Conservative Criticism of Fox Is Unfair and Unbalanced
For some unexplainable reason, conservatives rush towards fratricide with the same kind of urgency that drives lemmings over the edge of the cliff. It’s what they do, even when it's counterproductive and costly.
Conservatism was not made better off by the four-year campaign waged against Speaker Newt Gingrich by some House conservatives who considered him ideologically unreliable. It was not helped by John Boehner’s premature departure from Congress, brought about by the continual political headaches caused by House Republicans on his right flank who branded him an establishment sellout even after he forced President Obama to agree to nearly draconian spending cuts without giving up much in return.
A small group of so-called purists on the right even crossed swords with Ronald Reagan, without whom modern conservatism would have emerged stillborn after the thumping Barry Goldwater received in 1964 from Lydon Johnson.
Since Reagan, the GOP has marketed itself as the party of ideas and open debate. His eight years in the White House transformed the world as well as the U.S. government. He created a revolution the results of which progressives are still trying to roll back. His policies led to the rebirth of the American economy and the national spirit; millions of new jobs and small businesses were created; and the Cold War concluded in a way many did not think possible. Many forget that when Whittaker Chambers broke with the Soviets, he thought he was leaving the winning side of the struggle to join with the losers.
In the light of what appears to be Donald Trump’s defeat in his bid for reelection, conservatives are now turning on Fox News, a channel where I once appeared with some frequency back in the 1990s, over its supposed ideological apostasy.
What nonsense. Fox was never an explicitly conservative organization but, as conceived by Rupert Murdoch and brought to life by Roger Ailes, it was successfully positioned as the counterpunch to the overtly liberal networks that dominated the media: CBS, ABC, NBC, and CNN.
It was a needed, even necessary, addition to the nation’s information stream. The opinion side of the network leans heavily to the right but the newsgathering operation plays it mostly down the middle, remembering the need for balance because every story has at least two sides.
As a programming strategy, it works. The network is a financial and ratings juggernaut embraced by conservatives because Fox News gave their agenda and personalities a fair hearing. Now, because the network’s decision desk called Arizona -- a state critical to Trump's re-election prospects -- for Joe Biden on election night, some so-called true believers are encouraging those of like mind to turn to other channels.
This is fratricidal and foolish. With Biden probably coming into the White House with a progressive to-do list that includes wiping out the gains made since the Reagan years, the plan to isolate Fox, one of the few places in the major media where conservative ideas can be discussed openly and without the anchors sniping at them, is silly, What other news outlet covers the deeds and misdeeds of national Democrats with the same enthusiasm that MSNBC, the New York Times, and the rest of the mainstream media go after the Republicans?

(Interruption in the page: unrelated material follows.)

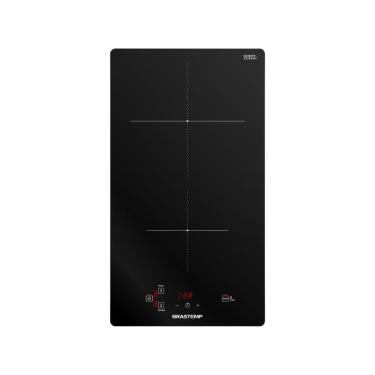 Imagem de Cooktop 2 Bocas Indução Brastemp Vitrocerâmica Touch com Timer Preto Acendimento Automático BDJ31AE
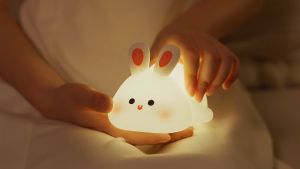 [SG Stock] Cute and Funny Rabbit Sheep Touch Silicone Night Light Eye Protection Sleep Bedside LED Lamp Rechargeable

The liberal narrative has always been that Fox is the voice of the right. They’re still saying it, as David Brock’s Media Matters for America made clear in a recent email, saying:
As President-elect Joe Biden’s electoral vote margin and popular vote margin grew last weekend, President Donald Trump tweeted clips and quotes from Fox programs that were laced with misinformation and conspiracy theories about the election. Since that time Fox News propagandists have promoted a variety of conspiracy theories and baseless claims of voter fraud. Once again, Trump is amplifying the work of Fox to falsely claim that he won the election.
If the right turns its back on Fox, it would be an act of rank stupidity. The decision to put Arizona in the Biden camp did not, as some have claimed, affecting the voting in Nevada. It didn’t happen until the polls were closed and, anyway, it looks to have been the correct call – a potential recount and allegations of irregularity notwithstanding. As far as the alleged betrayal of conservative interests goes, has any other news channel given the kind of attention to the still-unfolding Hunter Biden scandal it has? Tucker Carlson’s hour-long interview with Tony Bobulinski, the whistleblower providing the goods on Hunter Biden and the Biden family’s alleged international corruption, was seen by more people than any other interview in recent memory.
The Bobulinski revelations wouldn’t be covered by “60 Minutes” or Rachel Maddow or Anderson Cooper. If anything, they’d be covered up, just as the debilitating consequences of the Democratic lockdowns and the real objectives of Black Lives Matter and antifa have been. The Big Tech progressives who got Biden elected don’t want conservative opinions appearing anywhere any more than they want the truth about the left to be aired. That’s what the cancel culture is about.
In a battle for all the marbles, conservatives can ill afford to limit their reach. Cutting off Fox in favor of small outlets – some of which I do appear on currently – is like cutting off one’s nose to spite one’s face. The right needs to build its network, not cut it back. The perfect should not be the enemy of the good. If anything, conservatives should be looking to expand their reach and finding ways to defeat the progressives. Energy spent on fighting the movement’s allies is energy wasted.